- Qaleh Abdollah Location within Iran
- Coordinates: 32°33′31″N 52°07′18″E﻿ / ﻿32.55861°N 52.12167°E
- Country: Iran
- Province: Isfahan
- County: Harand
- District: Ezhiyeh
- Rural District: Kelishad

Population (2016)
- • Total: 192
- Time zone: UTC+3:30 (IRST)

= Qaleh Abdollah, Isfahan =

Village in Isfahan province, Iran

Qaleh Abdollah (قلعه عبداله) (Note: Also romanized as Qal‘eh ‘Abdollāh and Qal‘eh-ye ‘Abdollāh; also known as Qal‘eh Abdullah) is a village in Kelishad Rural District of Ezhiyeh District in Harand County, Isfahan province, Iran.

==Demographics==
===Population===
At the time of the 2006 National Census, the village's population was 188 in 47 households, when it was in Emamzadeh Abdol Aziz Rural District of Jolgeh District (Note: Renamed the Central District of Harand County) in Isfahan County.
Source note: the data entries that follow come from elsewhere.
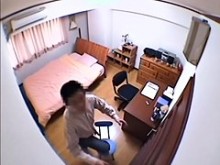 Tutor asiático filma cámaras ocultas teniendo sexo con su estudiante adolescente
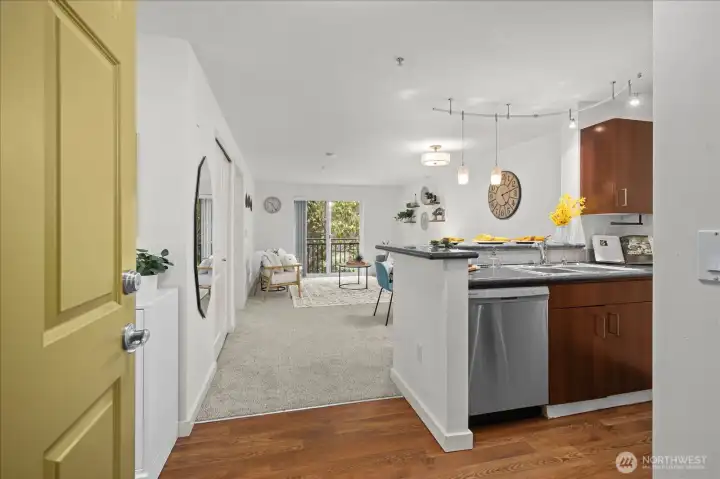 Welcome to this modern retreat in the middle of Seattle’s downtown energy. Open concept living and freshly painted.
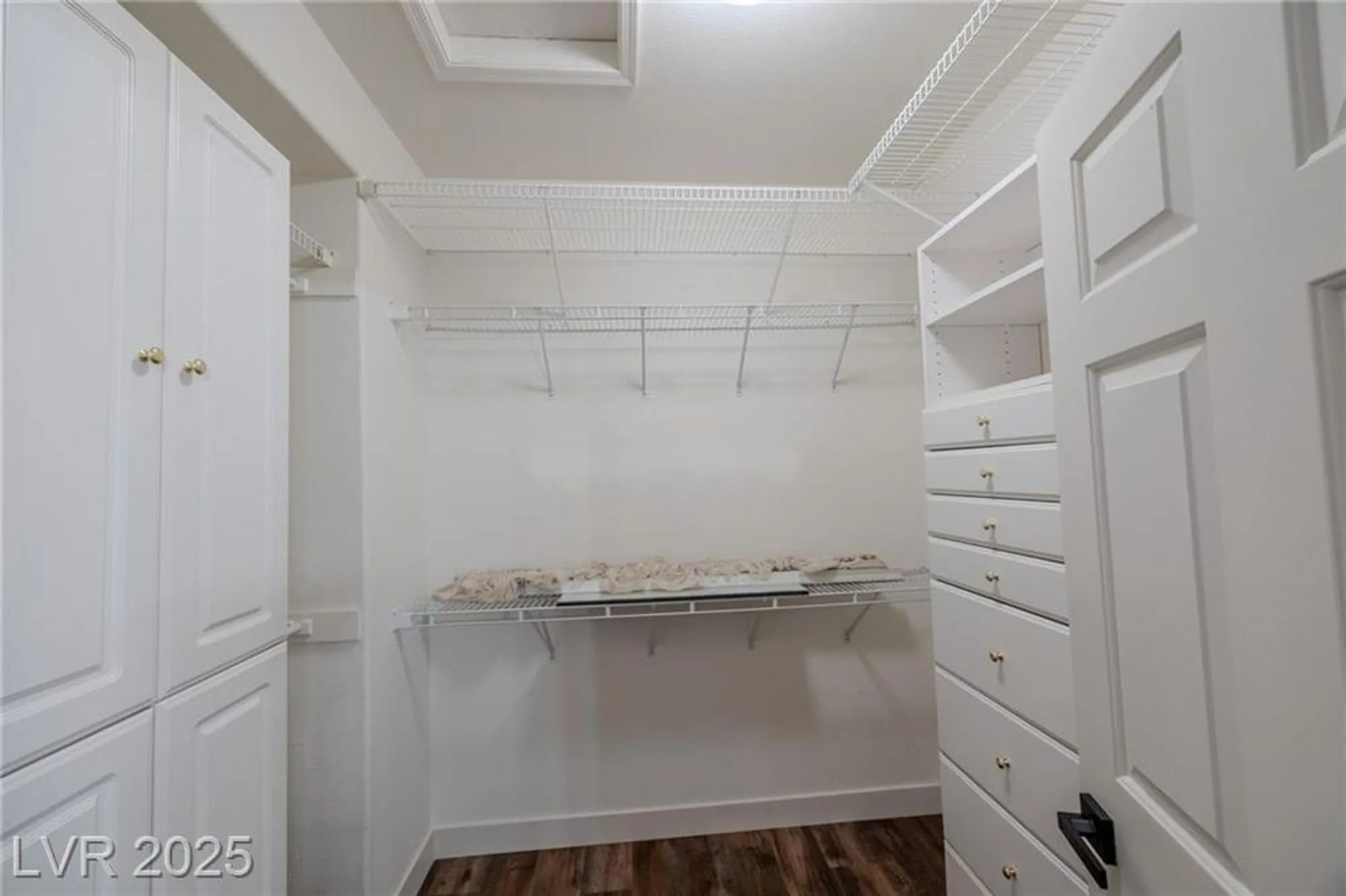 Property Slideshow image 15 of 26 | 9240 january dr, Las Vegas, NV, 89134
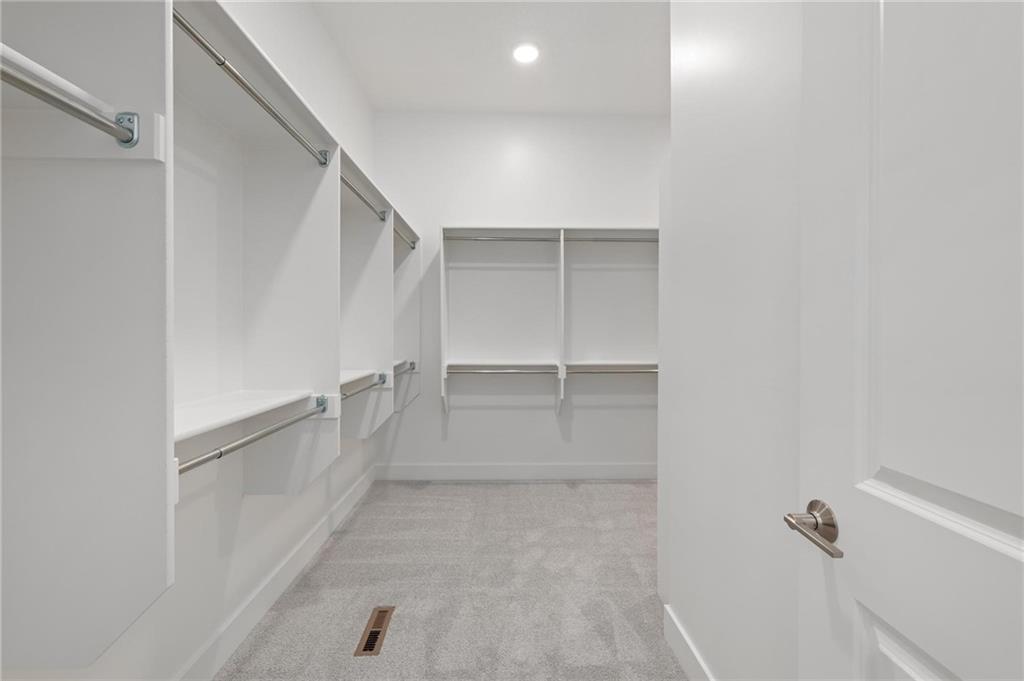 8164 Roundtree Street Lenexa, KS 66220 - Photo 16 of 27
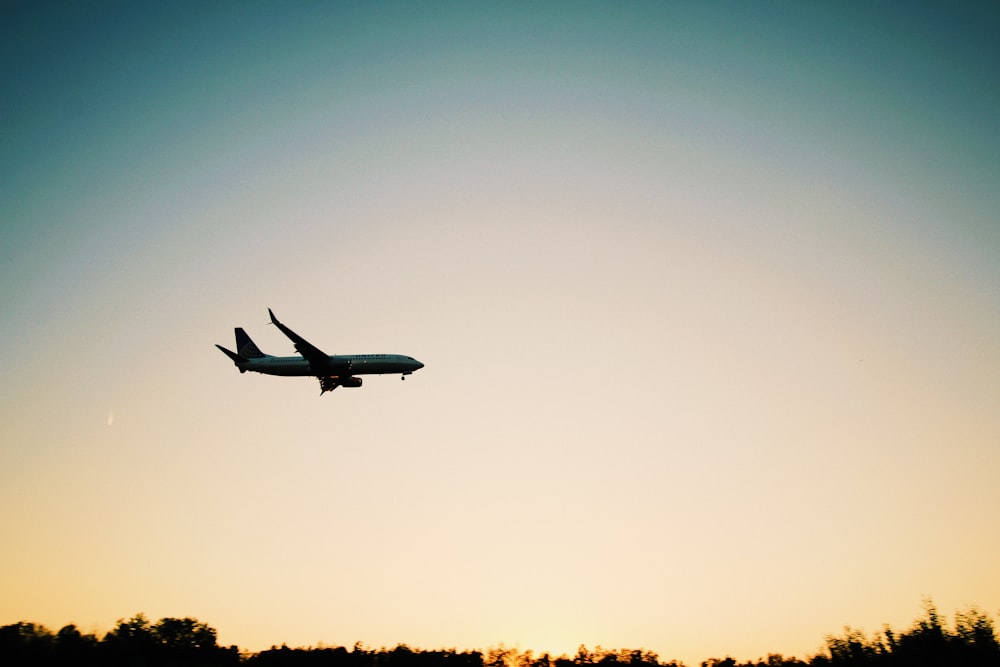 white airliner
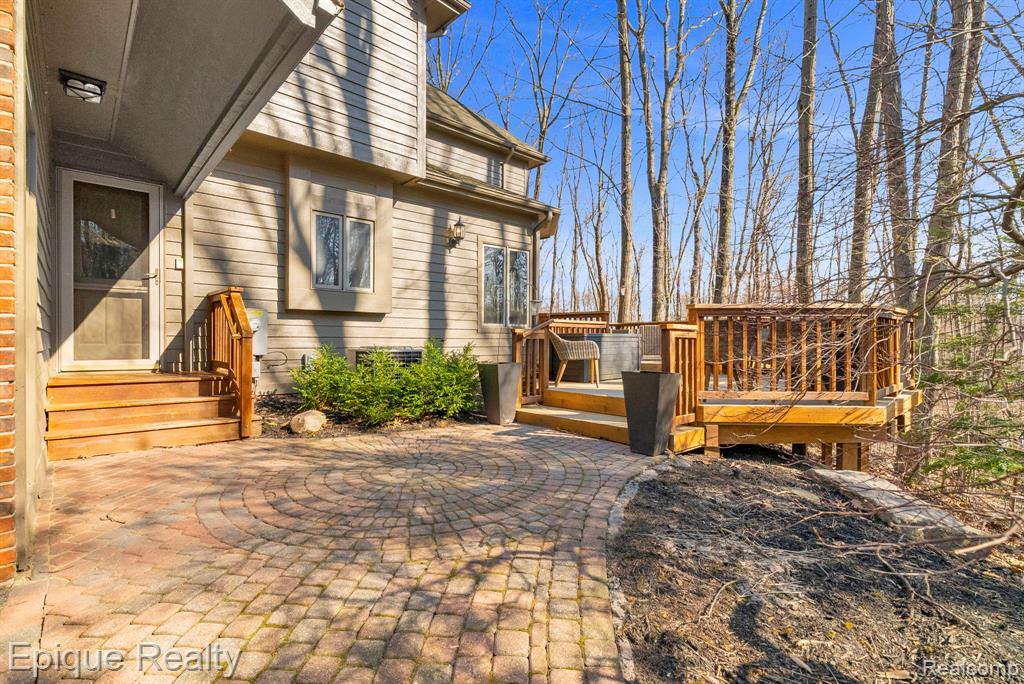 9155 Kelly Lake Drive, Clarkston, MI 48348 — Photo 70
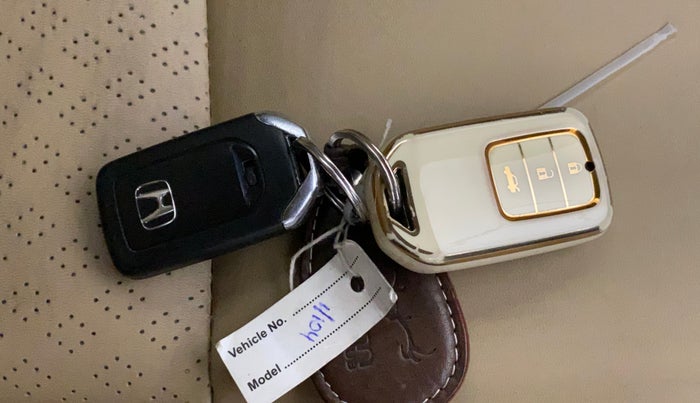 2017 Honda City 1.5L I-VTEC V MT, Petrol, Manual, 39,836 km, Key Close Up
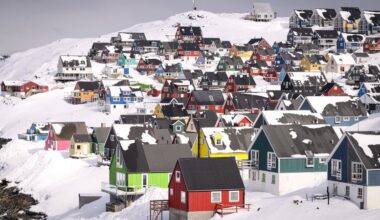 Live updates: US discusses acquiring Greenland as Trump moves to take Venezuela oil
The following census in 2011 counted 203 people in 60 households. The 2016 census measured the population of the village as 192 people in 60 households.

In 2021, the district was separated from the county in the establishment of Harand County and renamed the Central District. Qaleh Abdollah was transferred to Kelishad Rural District created in the new Ezhiyeh District.